## [Problem details]
Where in the data below does the word "turfgrass" appear? Copy each line that holds it.
*** Records shown ***
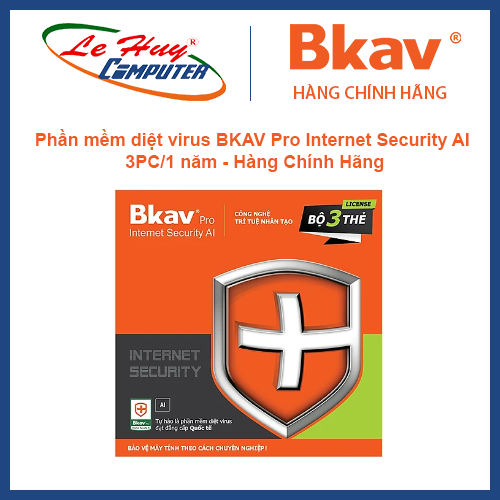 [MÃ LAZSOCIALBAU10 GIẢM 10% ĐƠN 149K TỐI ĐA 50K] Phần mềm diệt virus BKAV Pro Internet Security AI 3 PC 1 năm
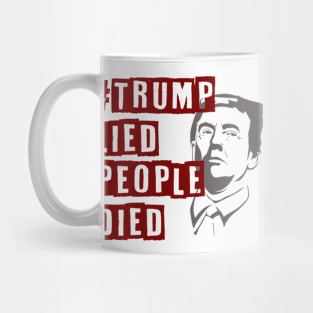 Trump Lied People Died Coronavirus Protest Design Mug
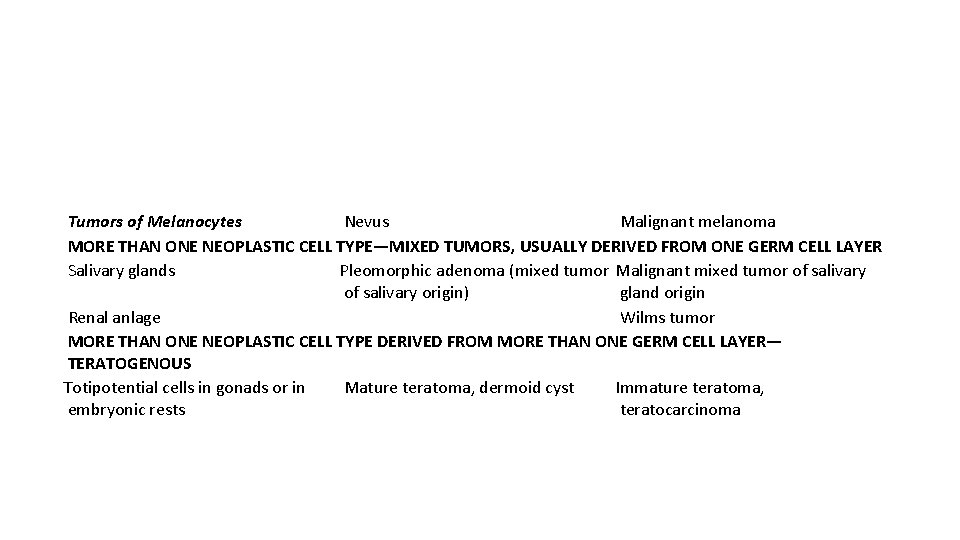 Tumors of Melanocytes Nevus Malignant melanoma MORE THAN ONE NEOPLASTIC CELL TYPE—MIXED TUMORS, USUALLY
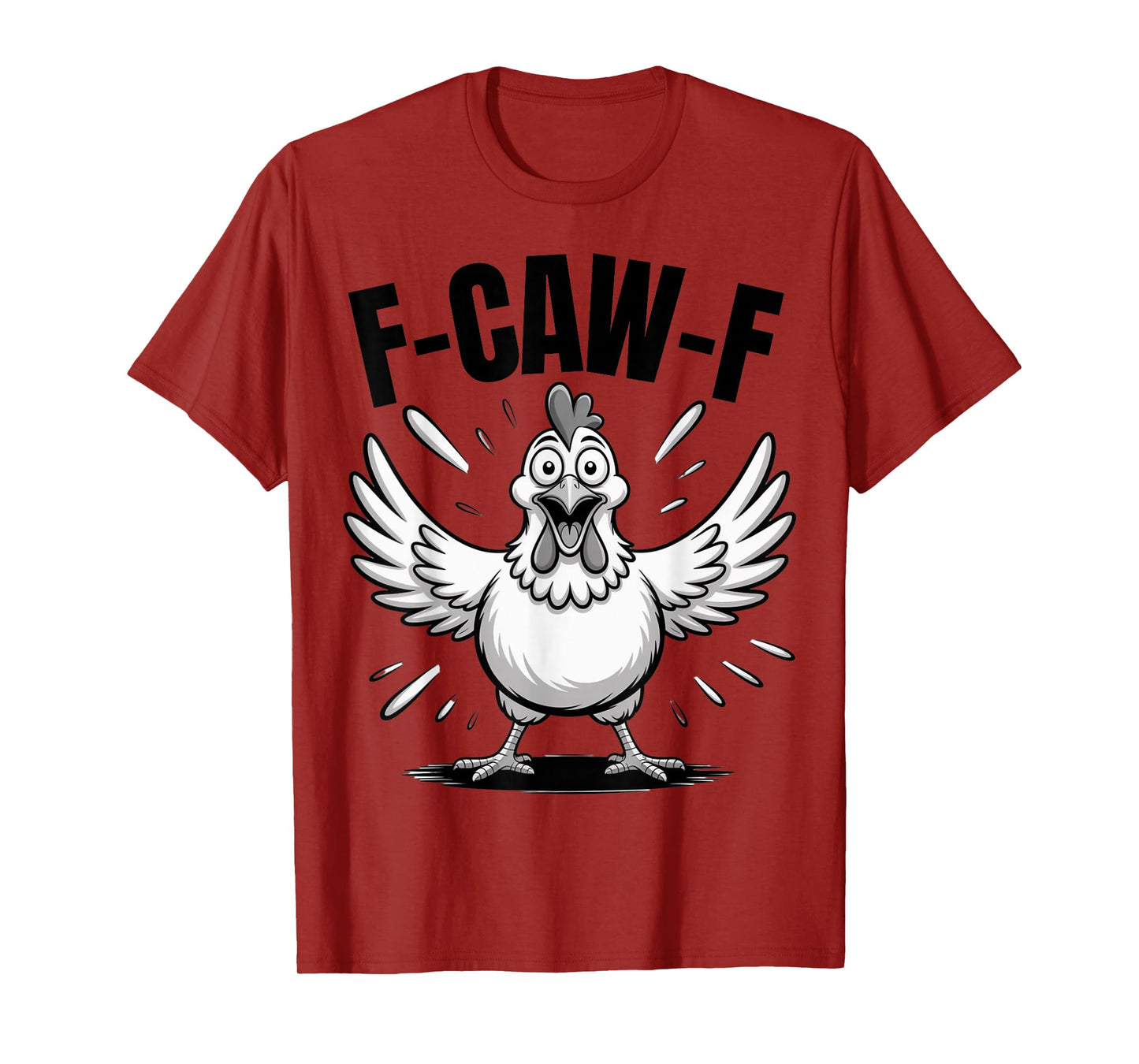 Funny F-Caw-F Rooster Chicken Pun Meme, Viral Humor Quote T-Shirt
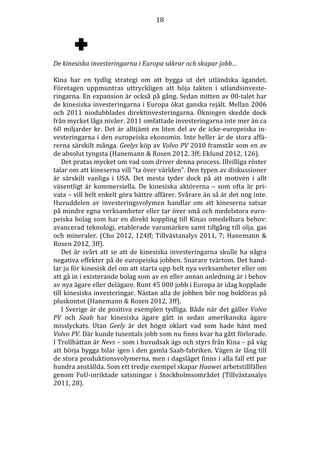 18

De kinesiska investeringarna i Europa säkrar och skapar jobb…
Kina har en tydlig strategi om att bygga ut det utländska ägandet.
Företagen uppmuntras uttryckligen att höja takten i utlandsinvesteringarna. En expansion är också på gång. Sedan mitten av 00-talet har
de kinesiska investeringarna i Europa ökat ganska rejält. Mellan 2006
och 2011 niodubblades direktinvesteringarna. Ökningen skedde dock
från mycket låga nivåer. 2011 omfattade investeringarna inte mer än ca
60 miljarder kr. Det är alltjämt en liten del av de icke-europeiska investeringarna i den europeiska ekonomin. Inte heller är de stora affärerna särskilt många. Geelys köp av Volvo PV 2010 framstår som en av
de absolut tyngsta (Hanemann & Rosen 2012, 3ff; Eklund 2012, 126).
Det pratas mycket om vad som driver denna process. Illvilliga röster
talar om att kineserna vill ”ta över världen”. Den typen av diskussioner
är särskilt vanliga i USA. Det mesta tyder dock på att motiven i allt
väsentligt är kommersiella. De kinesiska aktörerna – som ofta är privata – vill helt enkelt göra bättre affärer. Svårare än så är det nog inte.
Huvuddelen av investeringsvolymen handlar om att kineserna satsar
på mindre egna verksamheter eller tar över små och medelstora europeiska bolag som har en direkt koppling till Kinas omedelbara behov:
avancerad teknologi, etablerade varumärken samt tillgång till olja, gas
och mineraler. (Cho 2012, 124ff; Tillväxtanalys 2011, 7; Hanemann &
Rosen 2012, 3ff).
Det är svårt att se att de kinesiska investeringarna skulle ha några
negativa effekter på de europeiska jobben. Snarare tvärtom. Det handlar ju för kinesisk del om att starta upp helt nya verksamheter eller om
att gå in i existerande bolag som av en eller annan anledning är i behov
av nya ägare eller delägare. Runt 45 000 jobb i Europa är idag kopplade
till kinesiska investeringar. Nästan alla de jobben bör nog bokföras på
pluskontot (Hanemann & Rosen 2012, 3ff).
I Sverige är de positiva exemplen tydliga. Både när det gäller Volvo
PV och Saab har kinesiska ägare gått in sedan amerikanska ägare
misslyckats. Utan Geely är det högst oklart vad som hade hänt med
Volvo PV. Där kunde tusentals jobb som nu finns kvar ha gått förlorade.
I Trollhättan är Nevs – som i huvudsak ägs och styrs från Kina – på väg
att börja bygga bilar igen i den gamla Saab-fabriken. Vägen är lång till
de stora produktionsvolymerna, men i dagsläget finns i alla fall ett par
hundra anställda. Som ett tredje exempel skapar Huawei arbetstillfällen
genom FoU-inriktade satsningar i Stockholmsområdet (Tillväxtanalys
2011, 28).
*** End of Records shown ***
*** Records shown ***
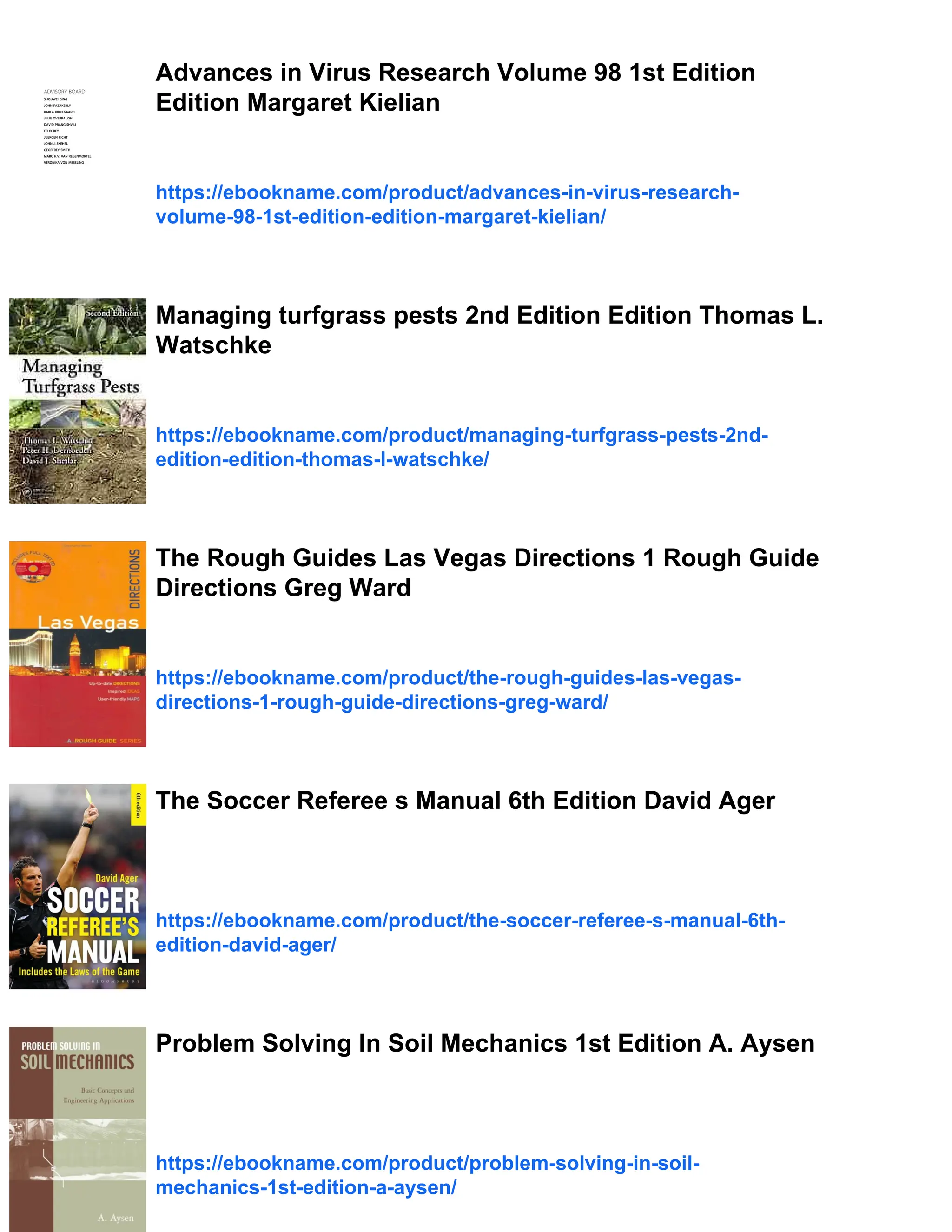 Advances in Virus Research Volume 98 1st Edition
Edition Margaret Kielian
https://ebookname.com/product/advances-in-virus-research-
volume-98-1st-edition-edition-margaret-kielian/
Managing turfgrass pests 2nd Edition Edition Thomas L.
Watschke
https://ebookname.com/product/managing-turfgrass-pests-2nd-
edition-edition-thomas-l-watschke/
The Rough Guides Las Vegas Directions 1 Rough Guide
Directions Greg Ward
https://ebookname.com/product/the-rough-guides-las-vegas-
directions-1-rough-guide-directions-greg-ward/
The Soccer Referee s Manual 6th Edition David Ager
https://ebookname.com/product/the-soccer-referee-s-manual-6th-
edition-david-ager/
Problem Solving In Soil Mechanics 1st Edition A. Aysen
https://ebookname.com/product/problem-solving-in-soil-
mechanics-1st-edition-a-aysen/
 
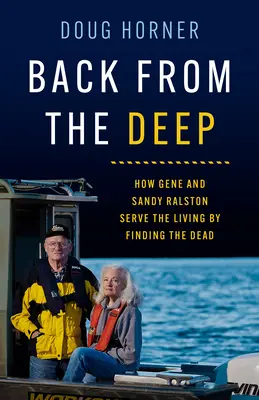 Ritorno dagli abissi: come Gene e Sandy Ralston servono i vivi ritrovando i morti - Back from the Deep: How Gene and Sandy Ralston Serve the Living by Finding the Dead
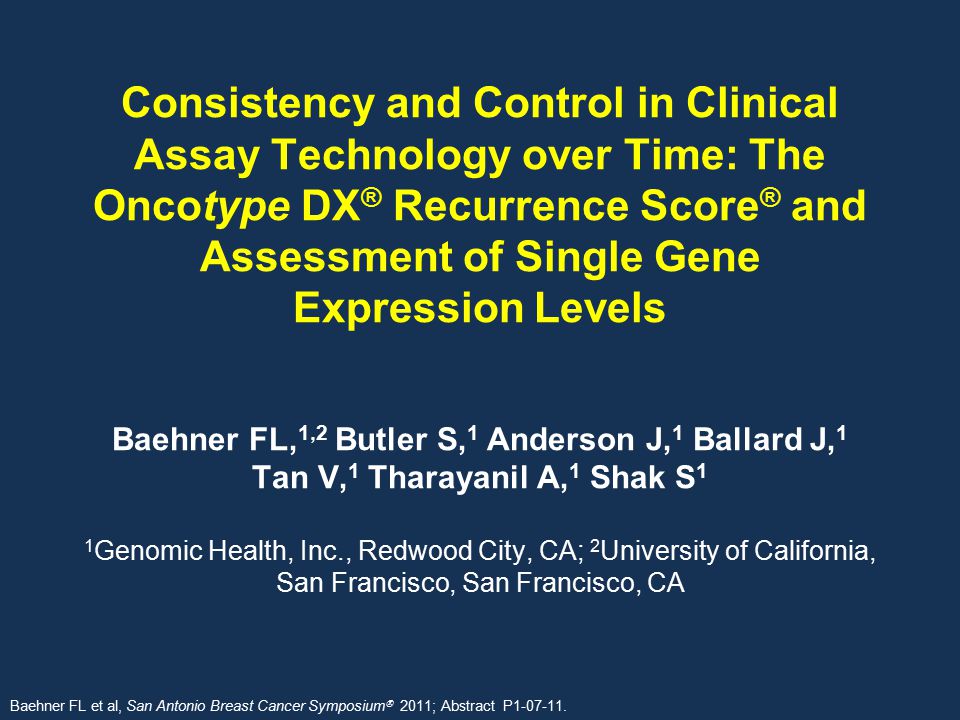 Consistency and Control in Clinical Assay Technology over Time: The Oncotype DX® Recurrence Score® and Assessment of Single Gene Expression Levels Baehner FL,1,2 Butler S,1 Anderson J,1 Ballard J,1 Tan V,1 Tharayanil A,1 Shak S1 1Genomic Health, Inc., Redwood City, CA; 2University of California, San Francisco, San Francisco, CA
*** End of Records shown ***
*** Records shown ***
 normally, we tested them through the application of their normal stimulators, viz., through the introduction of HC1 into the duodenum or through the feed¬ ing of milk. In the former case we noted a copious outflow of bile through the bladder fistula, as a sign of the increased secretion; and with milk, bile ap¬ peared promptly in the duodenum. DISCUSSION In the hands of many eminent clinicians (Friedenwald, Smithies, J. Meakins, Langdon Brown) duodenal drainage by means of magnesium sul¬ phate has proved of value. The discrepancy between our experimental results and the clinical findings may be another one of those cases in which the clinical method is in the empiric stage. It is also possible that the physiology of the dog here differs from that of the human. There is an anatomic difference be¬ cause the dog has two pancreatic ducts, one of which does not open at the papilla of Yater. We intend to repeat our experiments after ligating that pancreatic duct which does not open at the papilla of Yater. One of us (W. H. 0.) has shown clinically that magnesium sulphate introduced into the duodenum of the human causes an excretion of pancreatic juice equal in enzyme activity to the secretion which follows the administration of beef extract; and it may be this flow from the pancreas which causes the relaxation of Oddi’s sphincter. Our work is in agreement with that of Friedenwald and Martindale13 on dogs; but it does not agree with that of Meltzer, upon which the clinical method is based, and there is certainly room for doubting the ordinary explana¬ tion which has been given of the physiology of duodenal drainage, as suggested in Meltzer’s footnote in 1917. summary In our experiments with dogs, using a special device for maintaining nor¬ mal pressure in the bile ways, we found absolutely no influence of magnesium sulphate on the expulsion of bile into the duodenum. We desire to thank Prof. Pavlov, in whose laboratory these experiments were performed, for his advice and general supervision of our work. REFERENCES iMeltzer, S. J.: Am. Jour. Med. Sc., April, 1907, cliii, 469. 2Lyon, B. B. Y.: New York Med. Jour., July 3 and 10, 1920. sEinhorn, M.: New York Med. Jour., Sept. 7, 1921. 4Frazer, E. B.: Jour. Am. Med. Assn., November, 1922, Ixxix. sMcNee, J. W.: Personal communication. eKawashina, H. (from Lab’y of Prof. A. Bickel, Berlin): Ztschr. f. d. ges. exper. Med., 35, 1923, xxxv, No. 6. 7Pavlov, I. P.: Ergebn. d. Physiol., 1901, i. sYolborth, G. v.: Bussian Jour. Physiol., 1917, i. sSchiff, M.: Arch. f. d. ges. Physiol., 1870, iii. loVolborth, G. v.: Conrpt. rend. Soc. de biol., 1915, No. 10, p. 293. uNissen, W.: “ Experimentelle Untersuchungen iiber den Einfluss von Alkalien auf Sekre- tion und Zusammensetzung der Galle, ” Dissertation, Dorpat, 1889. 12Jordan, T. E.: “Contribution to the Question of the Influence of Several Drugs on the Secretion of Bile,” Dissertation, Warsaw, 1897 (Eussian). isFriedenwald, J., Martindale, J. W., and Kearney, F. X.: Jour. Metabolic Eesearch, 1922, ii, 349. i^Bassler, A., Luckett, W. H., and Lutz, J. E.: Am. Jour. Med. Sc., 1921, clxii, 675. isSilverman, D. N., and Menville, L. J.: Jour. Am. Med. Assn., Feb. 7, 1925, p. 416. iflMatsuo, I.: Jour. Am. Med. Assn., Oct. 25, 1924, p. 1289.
*** End of Records shown ***
## [Written answer]
Managing turfgrass pests 2nd Edition Edition Thomas L.
https://ebookname.com/product/managing-turfgrass-pests-2nd-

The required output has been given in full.